Important things to remember before your ‘House of Cards’ binge
**I think this goes without saying, but MASSIVE spoilers lie ahead, and I don’t want to be responsible for ruining your day. Read at your own risk!**
I can finally say the five words I’ve been waiting months for: House of Cards is back! Today should really be a national holiday. First there was the trailer. Then there was this incredible Sesame Street parody. And now, the new season is finally here.
But before you dive in and inhale all 13 episodes in one sitting, let’s set the stage and look back at some of the most important things that happened last season.
Frank is the new POTUS
“President Underwood” has a nice ring to it, don’t you think? People always say government is corrupt, but I think Frank Underwood will take his power to dark places we’ve never dreamed of. And with Frank as POTUS, that definitely means things will get shady.
Claire is the new FLOTUS
Obvious, yes, but it’s worth stating. Because even though Claire is the First Lady, she’s a lot hungrier than her title states, and she’s going to give Frank a run for his money. The Netflix description of season three sums it up nicely: “Claire wants more than being First Lady.”

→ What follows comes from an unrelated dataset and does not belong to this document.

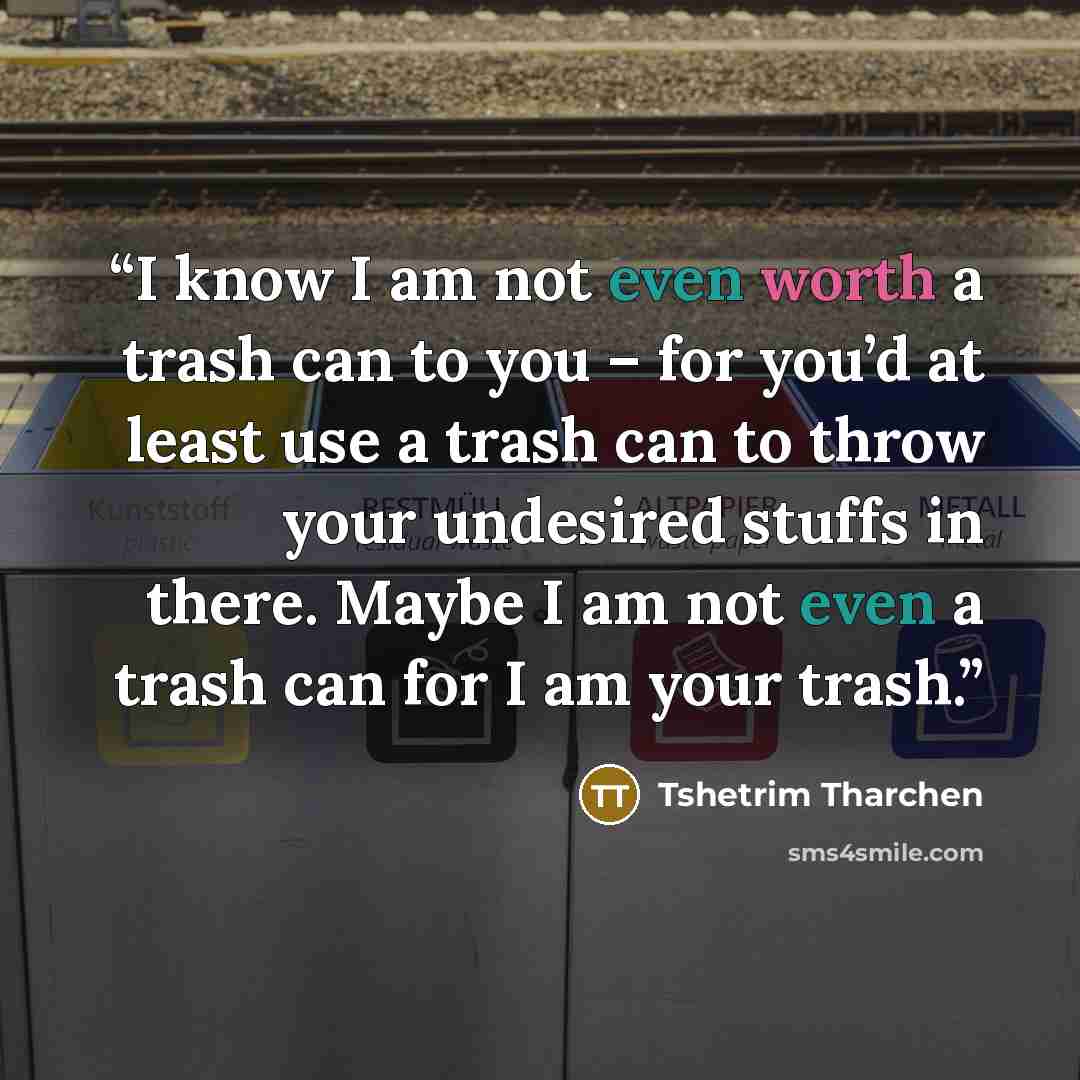 “I know I am not even worth a trash can to you – for you’d at least use a trash can to throw your undesired stuffs in there. Maybe I am not even a trash can for I am your trash.” quote by Tshetrim Tharchen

Frank is as manipulative as ever
This is the man who went from congressman to VEEP to top dog in 26 Netflix chapters. Bottom line: he’s capable, and he won’t think twice about pushing you in front of a moving train. Which reminds me. . .
There’s no more Zoe
Yeah, that happened. And I don’t think I’ll ever be over it. Zoe’s death reminds us that no matter what people say, there’s no such thing as having friends in Washington—not even your wife. Except maybe. . .
There’s always a chance Doug is alive
At the end of the second season, we just kind of assumed Doug was dead. But when it comes to TV, I’ve learned you can never say never. And if Doug is still alive, he’s going to be a huge liability.
Now that you’re all caught up, head to Netflix for more lies, deceit and fourth wall-breaking. Happy House of Cards day!